EUR/USD Price Forecast – euro rallies after strong jobs numberThe EUR/USD pair rallied significantly after the strong jobs number out of the United States, as the Americans added 219,000 jobs for the month of June. As I record this, the market is attempting to cross the 1.1750 level, an area that has been important in the past on short term charts.
The Euro rallied significantly during the trading session on Friday, after the job report came out the United States suggesting that it was more of a “risk on” type of environment. However, we have a lot of noise out there involving trade talks and tariffs, so I suspect that any rally that this market gets based upon a jobs number will very quickly have to turn around and start thinking about these problems. If that’s the case, I anticipate that the rally will be somewhat short-lived.

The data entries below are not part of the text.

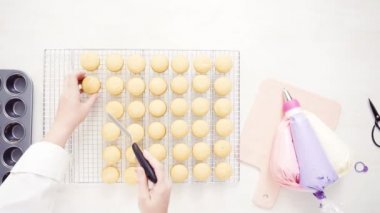 Düz yatıyordu. Taze pişmiş küçük vanilyalı kek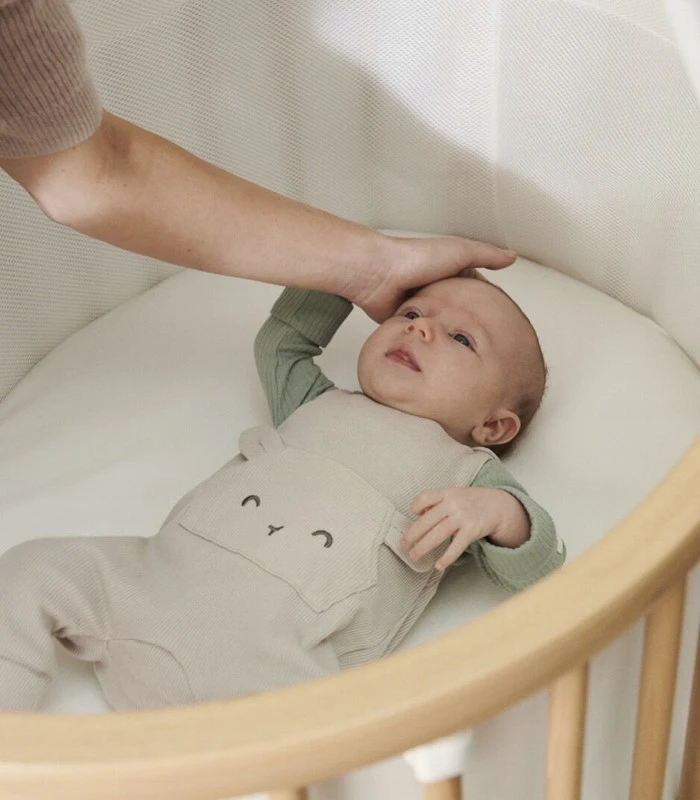 Stokke - Siateczkowa wkładka do łóżeczka Sleepi Mini - baltas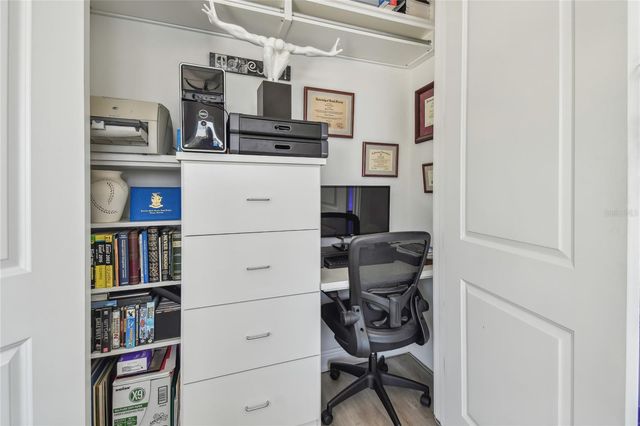 17 FRANKLIN COURT S C, St Petersburg, FL 33711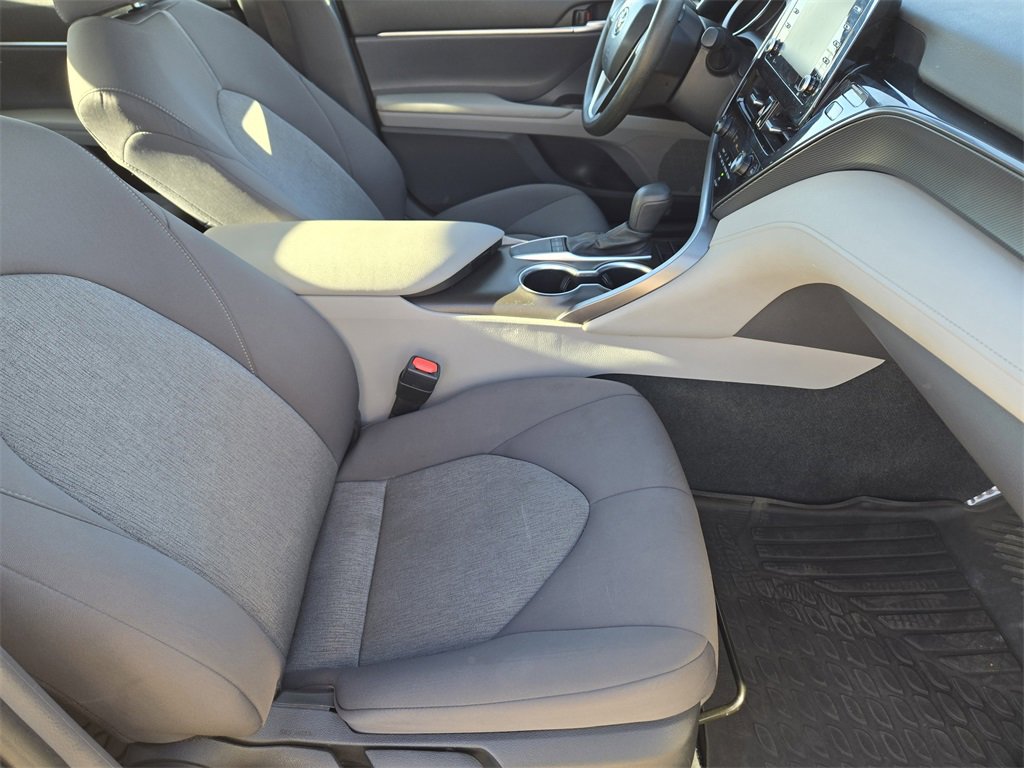 Used 2024 Toyota Camry LE image 9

The 1.1850 level above is going to be crucial, as it is the top of the overall consolidation area that we seem to be trying to form. If we can break above there, then obviously the market can go much higher. There is an argument to be made for a little bit of a “double bottom” at the bottom of the chart near the 1.15 handle, but that being said it’s likely that the market participants will continue to be somewhat skittish overall, as there are plenty of things out there to worry about in this type of trading environment.
The Chinese have yet to retaliate, but once they do it will more than likely be more of the same tit-for-tat type of attitude, and if that’s the case, I suspect that the markets will probably pullback in a bit of a preservation move ahead of the weekend. There are far too many moving pieces to be comfortable with the longer-term move at this point.